Would you reproduce exactly, and only, the lines starting at the one with "OZ : Online Games Review Directory" and ending at the last line of the data, with both included? Leave the pictures out.

* _Source data_:
Content starts
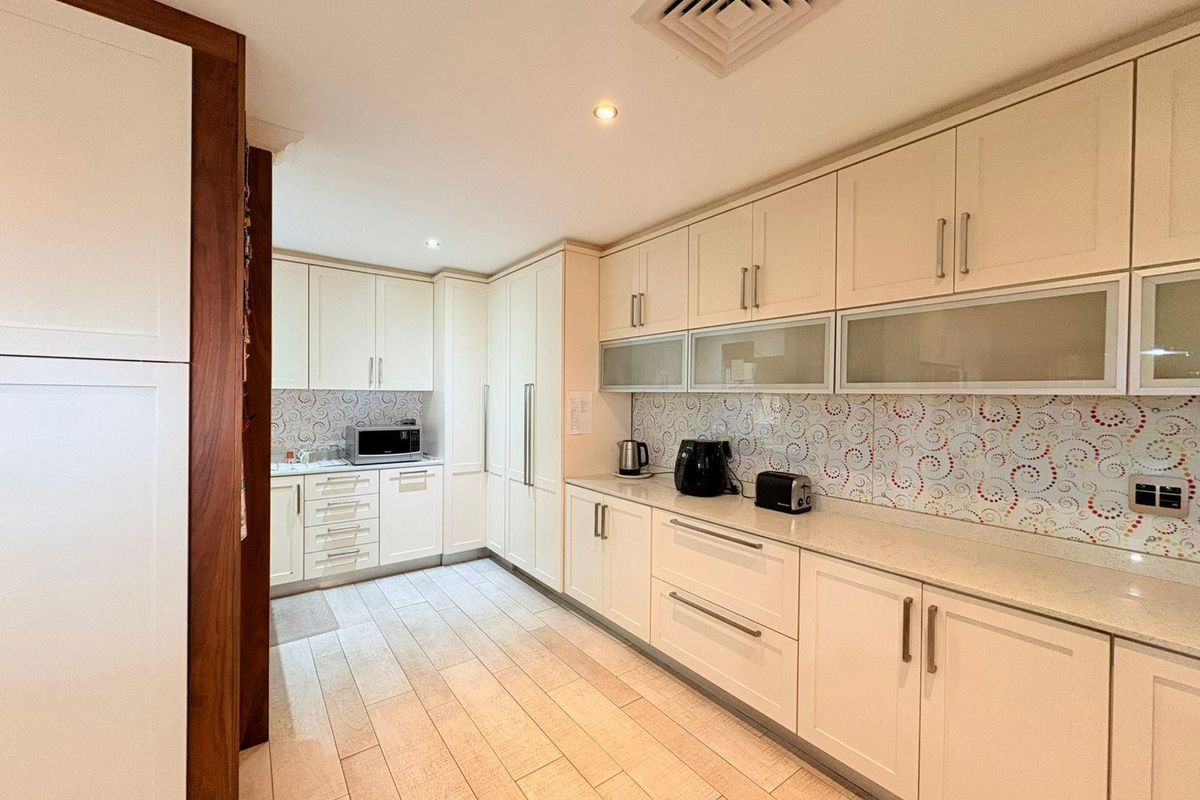 Apartment Sold in La Lucia Ridge La Lucia Umhlanga KwaZulu Natal - Photo 2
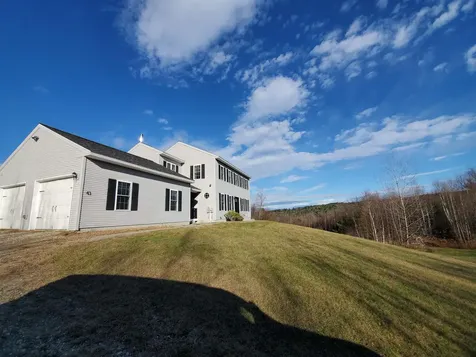 43 Serendipity Way Enfield NH 03748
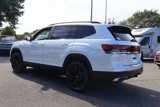 New 2026 Volkswagen Atlas SE image 5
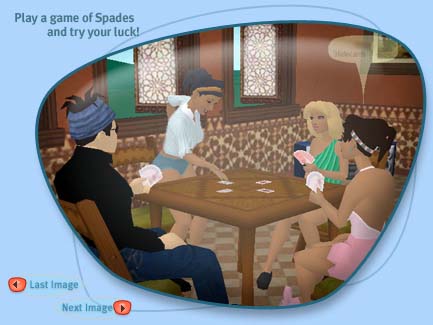 OZ : Online Games Review Directory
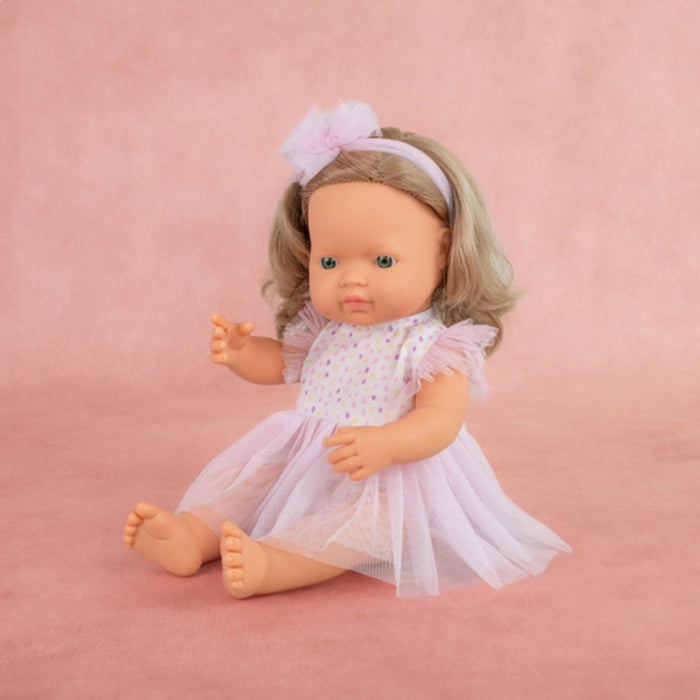 My Friends + Me,  Baby Doll 15"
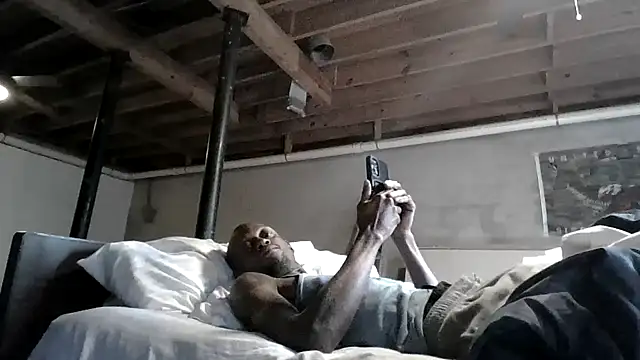 KinGKane84 online show from 6, 12, 2024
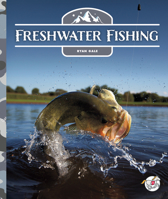 Freshwater Fishing 1503869741 Book Cover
Content ends
* _WRITTEN SOLUTION_:
 OZ : Online Games Review Directory
 My Friends + Me,  Baby Doll 15"
 KinGKane84 online show from 6, 12, 2024
 Freshwater Fishing 1503869741 Book Cover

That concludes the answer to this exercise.